Nota pela aprovação urgente do Projeto de Lei 2.628/2022
em defesa dos direitos de crianças e adolescentes no ambiente digital
Os riscos e danos que se colocam para crianças e adolescentes no ambiente digital já foram amplamente investigados, analisados e publicizados pela ciência no Brasil e no mundo. Nesse contexto, a exploração comercial da imagem de crianças e adolescentes e a monetização das vivências infantis refletem um modelo de negócio predatório – e, em alguns casos, criminoso – para os seus usuários mais vulneráveis.
Apesar de não constarem nos termos de serviço de muitas redes sociais como usuários para os quais elas são recomendadas, 83% das crianças e adolescentes brasileiros têm perfil nesse tipo de plataforma (TIC Kids Online Brasil, 2024).
O design atual desses serviços potencializa a apropriação dos dados de crianças e adolescentes (como fotos, vídeos, comentários etc.) por terceiros, para fins comerciais variados: da #publi de marcas de fraldas que expõe dezenas de bebês semi-nus, aos contextos de “reality shows” infantojuvenis que lucram com o trabalho e a visibilização das vivências espontâneas ou roteirizadas desses sujeitos.
Estudos científicos correlatos a essa realidade vêm sendo desenvolvidos e sistematizados pela Rede de Pesquisa em Comunicação, Infâncias e Adolescências (Recria) que, desde 2021, tem se dedicado coletivamente a analisar as relações tecidas entre crianças, adolescentes e comunicação midiática. Vale lembrar ainda que, há mais de vinte anos, as/os pesquisadoras/es que integram a rede desenvolvem, individualmente e/ou em seus grupos e laboratórios de pesquisa, projetos que investigam o tema nas suas distintas e numerosas abordagens – no campo do jornalismo, da publicidade, do audiovisual, das sociabilidades, das identidades, das relações intergeracionais, entre outros. Além disso, como entidade integrada à Recria, também o Colo (Coletivo de Jornalismo Infantojuvenil) congrega comunicadores que têm atuado na produção noticiosa em torno dos direitos da infância.
A exploração sexual de crianças e adolescentes na internet, que ganhou importante visibilidade com o vídeo publicado no perfil do influenciador Fernando Bressanim Pereira, conhecido por “Felca” – e que em apenas sete dias teve mais de 35 milhões de visualizações – não é, infelizmente, um tema novo. Esse tipo de prática danosa e criminosa já chegou a ser denunciada anteriormente por veículos de imprensa, ativistas das infâncias e adolescências e organizações da sociedade civil – trabalho para o qual o influenciador joga luz ao produzir e fazer circular um conteúdo análogo, imbuído de outra estratégia comunicacional.
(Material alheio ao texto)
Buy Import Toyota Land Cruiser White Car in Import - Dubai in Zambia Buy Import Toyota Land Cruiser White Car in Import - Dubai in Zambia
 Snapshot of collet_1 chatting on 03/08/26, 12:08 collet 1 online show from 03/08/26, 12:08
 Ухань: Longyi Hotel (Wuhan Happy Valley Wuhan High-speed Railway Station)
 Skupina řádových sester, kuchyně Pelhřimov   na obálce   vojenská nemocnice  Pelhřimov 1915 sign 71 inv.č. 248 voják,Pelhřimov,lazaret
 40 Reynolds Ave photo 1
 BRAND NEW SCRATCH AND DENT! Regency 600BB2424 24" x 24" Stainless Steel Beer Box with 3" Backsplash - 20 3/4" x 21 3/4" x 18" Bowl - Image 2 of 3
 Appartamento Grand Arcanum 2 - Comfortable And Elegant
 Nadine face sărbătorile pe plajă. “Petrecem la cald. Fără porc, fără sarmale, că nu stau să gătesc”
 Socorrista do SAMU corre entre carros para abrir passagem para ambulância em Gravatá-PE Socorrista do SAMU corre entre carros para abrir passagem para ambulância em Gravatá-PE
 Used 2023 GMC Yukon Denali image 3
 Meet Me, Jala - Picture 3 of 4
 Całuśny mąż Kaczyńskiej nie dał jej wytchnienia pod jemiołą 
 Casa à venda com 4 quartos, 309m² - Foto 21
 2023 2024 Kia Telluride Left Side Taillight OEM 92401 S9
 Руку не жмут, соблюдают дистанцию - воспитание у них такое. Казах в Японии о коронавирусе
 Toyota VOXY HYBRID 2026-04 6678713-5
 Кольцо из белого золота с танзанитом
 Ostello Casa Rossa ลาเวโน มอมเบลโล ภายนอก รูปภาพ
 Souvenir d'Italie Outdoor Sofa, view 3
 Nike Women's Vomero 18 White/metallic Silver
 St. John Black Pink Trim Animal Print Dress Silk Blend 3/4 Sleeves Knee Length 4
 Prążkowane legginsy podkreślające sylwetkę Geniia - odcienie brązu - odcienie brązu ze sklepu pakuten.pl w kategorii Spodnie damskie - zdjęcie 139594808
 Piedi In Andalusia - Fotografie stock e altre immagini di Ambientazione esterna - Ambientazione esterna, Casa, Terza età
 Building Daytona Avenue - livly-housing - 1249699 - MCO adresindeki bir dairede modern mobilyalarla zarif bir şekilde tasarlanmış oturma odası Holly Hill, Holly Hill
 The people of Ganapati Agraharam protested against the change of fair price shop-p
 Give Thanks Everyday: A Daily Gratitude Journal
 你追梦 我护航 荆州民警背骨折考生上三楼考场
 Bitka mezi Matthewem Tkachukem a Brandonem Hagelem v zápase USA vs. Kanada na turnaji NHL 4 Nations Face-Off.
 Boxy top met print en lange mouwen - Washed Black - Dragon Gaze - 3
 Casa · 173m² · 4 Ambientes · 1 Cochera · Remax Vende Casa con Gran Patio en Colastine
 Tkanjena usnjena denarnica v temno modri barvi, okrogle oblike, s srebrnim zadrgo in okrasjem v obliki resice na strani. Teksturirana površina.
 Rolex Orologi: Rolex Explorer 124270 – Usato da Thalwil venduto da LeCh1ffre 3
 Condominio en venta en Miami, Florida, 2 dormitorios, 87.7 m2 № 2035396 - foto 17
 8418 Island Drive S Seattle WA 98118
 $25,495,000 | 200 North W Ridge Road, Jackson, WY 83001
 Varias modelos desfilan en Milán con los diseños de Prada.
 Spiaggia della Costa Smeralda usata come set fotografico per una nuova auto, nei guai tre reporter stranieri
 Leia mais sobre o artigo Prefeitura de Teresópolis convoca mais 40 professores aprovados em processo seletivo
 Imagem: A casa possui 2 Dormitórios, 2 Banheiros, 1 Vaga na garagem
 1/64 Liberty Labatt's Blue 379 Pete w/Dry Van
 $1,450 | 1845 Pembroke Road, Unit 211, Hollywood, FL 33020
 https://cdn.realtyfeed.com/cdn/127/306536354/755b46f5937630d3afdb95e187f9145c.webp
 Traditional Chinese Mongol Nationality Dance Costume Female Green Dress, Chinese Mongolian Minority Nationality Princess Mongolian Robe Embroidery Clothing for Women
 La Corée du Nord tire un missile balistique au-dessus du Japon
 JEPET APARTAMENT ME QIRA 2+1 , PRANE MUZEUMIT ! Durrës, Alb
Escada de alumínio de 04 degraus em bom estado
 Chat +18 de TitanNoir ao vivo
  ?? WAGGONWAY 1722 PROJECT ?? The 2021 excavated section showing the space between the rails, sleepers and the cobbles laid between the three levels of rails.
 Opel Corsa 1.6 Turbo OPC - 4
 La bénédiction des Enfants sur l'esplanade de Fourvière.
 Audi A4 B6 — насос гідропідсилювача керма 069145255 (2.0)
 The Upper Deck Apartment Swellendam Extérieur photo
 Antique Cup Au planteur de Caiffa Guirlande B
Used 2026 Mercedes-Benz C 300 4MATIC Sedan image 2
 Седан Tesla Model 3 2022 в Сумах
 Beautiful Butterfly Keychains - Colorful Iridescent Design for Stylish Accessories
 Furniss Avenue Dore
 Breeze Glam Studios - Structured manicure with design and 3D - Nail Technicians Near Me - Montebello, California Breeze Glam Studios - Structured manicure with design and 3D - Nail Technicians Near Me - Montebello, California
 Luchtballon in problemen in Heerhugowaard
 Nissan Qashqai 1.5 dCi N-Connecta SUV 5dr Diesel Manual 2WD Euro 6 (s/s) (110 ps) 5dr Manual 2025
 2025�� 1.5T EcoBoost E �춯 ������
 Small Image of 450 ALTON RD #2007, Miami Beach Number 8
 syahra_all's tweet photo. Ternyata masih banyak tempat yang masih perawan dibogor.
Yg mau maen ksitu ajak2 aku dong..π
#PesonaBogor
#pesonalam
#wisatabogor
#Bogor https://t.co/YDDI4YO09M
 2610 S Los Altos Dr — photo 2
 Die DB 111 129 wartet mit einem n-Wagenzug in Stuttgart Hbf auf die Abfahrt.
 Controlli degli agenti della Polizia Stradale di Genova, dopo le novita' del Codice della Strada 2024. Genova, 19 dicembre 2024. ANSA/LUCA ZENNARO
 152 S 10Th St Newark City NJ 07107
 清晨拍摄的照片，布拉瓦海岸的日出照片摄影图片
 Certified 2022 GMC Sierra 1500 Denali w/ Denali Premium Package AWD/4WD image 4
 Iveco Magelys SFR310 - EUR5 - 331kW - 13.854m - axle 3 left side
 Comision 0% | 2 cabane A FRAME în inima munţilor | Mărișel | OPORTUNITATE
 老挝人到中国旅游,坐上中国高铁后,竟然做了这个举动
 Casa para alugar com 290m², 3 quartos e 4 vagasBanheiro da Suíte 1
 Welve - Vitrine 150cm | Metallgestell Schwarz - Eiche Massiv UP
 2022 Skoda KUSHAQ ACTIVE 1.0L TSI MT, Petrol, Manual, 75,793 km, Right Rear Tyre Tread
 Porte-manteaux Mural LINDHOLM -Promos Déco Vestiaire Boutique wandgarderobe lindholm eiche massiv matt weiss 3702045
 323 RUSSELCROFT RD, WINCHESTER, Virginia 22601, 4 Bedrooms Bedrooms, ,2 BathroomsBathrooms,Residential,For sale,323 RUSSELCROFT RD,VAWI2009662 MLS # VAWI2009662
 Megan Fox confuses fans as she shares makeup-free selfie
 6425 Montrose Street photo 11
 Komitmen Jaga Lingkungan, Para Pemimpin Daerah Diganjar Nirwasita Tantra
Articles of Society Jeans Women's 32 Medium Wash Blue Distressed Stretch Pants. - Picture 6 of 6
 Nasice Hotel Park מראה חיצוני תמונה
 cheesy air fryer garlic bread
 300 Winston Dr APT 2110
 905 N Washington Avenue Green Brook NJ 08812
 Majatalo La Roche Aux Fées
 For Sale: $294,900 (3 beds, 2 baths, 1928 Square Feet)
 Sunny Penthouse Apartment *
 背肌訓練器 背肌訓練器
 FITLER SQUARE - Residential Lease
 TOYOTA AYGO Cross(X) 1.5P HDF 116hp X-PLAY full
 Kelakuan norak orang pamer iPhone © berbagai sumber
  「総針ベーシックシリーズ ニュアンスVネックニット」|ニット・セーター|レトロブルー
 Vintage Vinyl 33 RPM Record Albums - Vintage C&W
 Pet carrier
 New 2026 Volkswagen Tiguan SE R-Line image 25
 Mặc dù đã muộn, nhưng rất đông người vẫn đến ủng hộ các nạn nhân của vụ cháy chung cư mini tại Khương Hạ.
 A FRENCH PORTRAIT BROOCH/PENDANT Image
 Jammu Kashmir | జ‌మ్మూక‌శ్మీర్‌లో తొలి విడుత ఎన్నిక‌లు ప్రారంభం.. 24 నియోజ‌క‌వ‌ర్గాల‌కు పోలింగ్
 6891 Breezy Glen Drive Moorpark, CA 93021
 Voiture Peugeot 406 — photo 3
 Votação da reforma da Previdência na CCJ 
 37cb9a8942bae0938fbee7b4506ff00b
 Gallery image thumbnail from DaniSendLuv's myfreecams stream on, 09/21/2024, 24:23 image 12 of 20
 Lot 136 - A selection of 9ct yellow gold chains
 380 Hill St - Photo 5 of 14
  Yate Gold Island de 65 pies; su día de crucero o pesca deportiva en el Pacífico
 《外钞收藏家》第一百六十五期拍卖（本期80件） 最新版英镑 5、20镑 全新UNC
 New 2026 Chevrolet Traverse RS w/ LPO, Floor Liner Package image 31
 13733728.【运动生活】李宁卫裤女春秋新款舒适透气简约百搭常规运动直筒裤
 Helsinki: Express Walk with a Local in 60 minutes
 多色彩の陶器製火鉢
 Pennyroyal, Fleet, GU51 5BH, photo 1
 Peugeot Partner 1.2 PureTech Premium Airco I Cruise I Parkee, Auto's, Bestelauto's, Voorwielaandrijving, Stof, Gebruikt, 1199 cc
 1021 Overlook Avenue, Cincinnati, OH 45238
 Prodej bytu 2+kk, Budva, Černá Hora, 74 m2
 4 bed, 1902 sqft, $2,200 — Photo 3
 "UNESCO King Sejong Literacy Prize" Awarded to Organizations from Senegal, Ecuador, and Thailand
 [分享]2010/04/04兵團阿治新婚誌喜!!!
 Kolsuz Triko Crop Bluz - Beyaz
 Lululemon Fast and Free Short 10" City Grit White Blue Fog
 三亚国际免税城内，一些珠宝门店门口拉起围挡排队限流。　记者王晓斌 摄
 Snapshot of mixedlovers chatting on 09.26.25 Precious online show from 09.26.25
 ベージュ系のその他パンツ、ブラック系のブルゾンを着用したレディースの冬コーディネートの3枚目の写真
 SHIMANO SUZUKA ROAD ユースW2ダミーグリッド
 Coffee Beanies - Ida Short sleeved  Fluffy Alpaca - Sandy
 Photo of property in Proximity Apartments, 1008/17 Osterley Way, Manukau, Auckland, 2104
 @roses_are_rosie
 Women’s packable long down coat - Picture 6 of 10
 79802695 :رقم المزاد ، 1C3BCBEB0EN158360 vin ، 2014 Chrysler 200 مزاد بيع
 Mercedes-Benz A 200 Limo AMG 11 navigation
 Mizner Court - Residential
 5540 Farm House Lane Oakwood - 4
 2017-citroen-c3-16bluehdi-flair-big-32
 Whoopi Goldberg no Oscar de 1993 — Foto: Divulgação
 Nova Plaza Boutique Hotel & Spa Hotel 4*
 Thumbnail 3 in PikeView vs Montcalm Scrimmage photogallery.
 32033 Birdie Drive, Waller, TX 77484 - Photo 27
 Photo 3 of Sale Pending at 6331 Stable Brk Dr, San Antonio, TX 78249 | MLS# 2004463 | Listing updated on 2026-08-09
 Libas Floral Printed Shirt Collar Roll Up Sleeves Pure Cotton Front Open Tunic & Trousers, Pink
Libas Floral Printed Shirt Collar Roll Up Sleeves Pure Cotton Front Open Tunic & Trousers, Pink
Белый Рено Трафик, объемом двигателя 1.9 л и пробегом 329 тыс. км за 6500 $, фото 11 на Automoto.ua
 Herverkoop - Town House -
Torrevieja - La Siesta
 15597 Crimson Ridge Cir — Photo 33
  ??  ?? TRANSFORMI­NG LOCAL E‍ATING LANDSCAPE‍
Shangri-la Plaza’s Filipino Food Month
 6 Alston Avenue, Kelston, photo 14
Entendemos que a gravidade e complexidade dos problemas denunciados por Felca suscitam iniciativas que ofereçam como resposta ações em prol dos direitos de crianças e adolescentes. Por isso, reforçamos o protagonismo que o Projeto de Lei nº 2.628 de 2022 deve assumir no Congresso Nacional.
Somos uma das mais de 200 organizações de todo o Brasil unidas em apoio ao Projeto de Lei, elaborado com o propósito de preencher as muitas lacunas existentes para a proteção efetiva de crianças e adolescentes no ambiente digital – diversas delas denunciadas em nossas pesquisas. O PL nº 2.628 reforça a absoluta prioridade do segmento infantojuvenil enunciada no Artigo 227 da Constituição Federal (1988) e no Estatuto da Criança e do Adolescente (1990); reafirma resoluções de conselhos representativos do segmento, como o Conanda; apresenta aplicações práticas do princípio do melhor interesse da criança e do adolescente registrado na Lei Geral de Proteção de Dados Pessoais (2018); e oferece respostas a tratados internacionais dos quais o Brasil é signatário, como a Convenção dos Direitos da Criança da ONU (1989) e o seu Comentário Geral nº 25 (2021).
Já validado pelo Senado Federal, o texto que segue para a aprovação da Câmara é maduro e reflete o debate com diferentes especialistas, organizações sociais, empresas e autoridades em torno da cidadania digital de crianças e adolescentes e do seu direito à participação. A proposta estabelece, ainda, diálogo com modelos internacionais de referência, se fazendo também sensível às particularidades da realidade nacional.
Defendemos que o PL seja votado na Câmara Federal, promulgado pelo presidente da República e colocado em prática com urgência.
Coordenação da Rede de Pesquisas em Comunicação, Infâncias e Adolescências
14 de agosto de 2025
Nota em defesa da democracia brasileira
A Recria (Rede de Pesquisa em Comunicação, Infâncias e Adolescências), o Colo (Coletivo de Jornalismo Infantojuvenil) e o Midiativa – Centro Brasileiro de Mídia para Crianças e Adolescentes repudiam veementemente os ataques à democracia brasileira perpetrados no domingo (8) no Distrito Federal.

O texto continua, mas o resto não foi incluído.